Ao contrário do que se afirma Ratzinger participou da Juventude Hitlerista e lutou lado com seu irmão na defesa do Terceiro Reich. Detalhes de seu envolvimento com a agremiação paramilitar nazista pode ser vista em sua autobiografia: “Marco, Memórias: 1927 – 1977″.  Criada em 1922, a Juventude Hitlerista se apresentava como uma organização paramilitar do partido nazista, a Hitlerjugend que tinha como escopo “treinar adolescentes alemães de 6 a 18 anos de ambos os sexos para servirem aos interesses do Nazismo”. Esses grupos de indivíduos, doutrinados pelo Estado, existiu entre 1922 e 1945. Em 1936, Hitler unificou as organizações de jovens e anunciou que todos os jovens alemães deveriam se alistar nos Jungvolk, aos 10 anos, quando poderiam ser treinados em atividades extracurriculares que incluíam “a prática de esportes e acampamentos, além de uma doutrinação ao nazismo”.

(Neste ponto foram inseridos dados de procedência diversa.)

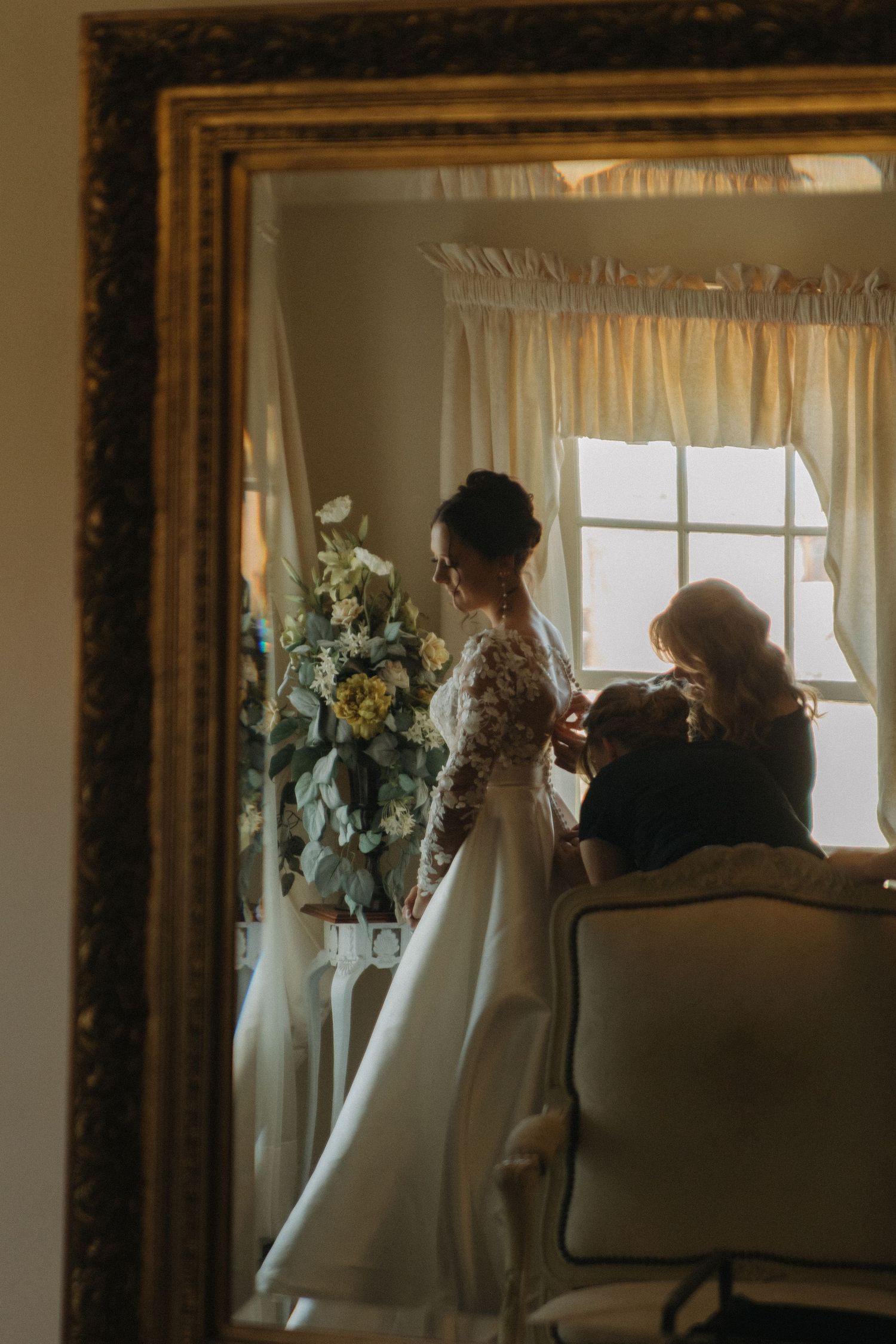 A group gathers by a window with floral arrangements and soft natural lighting.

Diante das denúncias de que Ratzinger era simpático ao nazismo, os defensores do sumo pontífice “alegam que ele simplesmente serviu ao exército nazista, e que jamais se filiou ao Nazi”. No entanto, evidências mostram que tanto Ratzinger como o Papa Pio XII deram total apoio ao nazismo, emprestando-lhe ajuda e financiando suas tropas. Eles aparecem em fotos juntos em cerimônias com Hitler, o que atenua ainda mais a suspeita de que Ratzinger não era simplesmente um recruta que agia contra sua vontade e a divina, mas que possuía um “vínculo afetivo” ou uma afinidade eletiva, de Wolfgang Goethe a Max Weber muito próximo com a alta hierarquia do nazismo. Mais importante ainda é dizer que antes mesmo de ser soldado, Ratzinger foi membro da Juventude Hitlerista. Ratzinger nutria já à época uma profunda admiração pela juventude Hitlerista, seu modo de vida e expressão social. Não devemos perder de vista que em sua progênie, o papa Pio X condenou o modernismo em 1907 em sua encíclica Pacendi dominici gregis, e em 1910 decretou que todos os clérigos, inclusive os professores de teologia e filosofia católica, deveriam fazer “um juramento antimodernista” para poder se dedicar ao apostolado ou ao ensino. As universidades alemãs foram então palco de polêmicas violentas.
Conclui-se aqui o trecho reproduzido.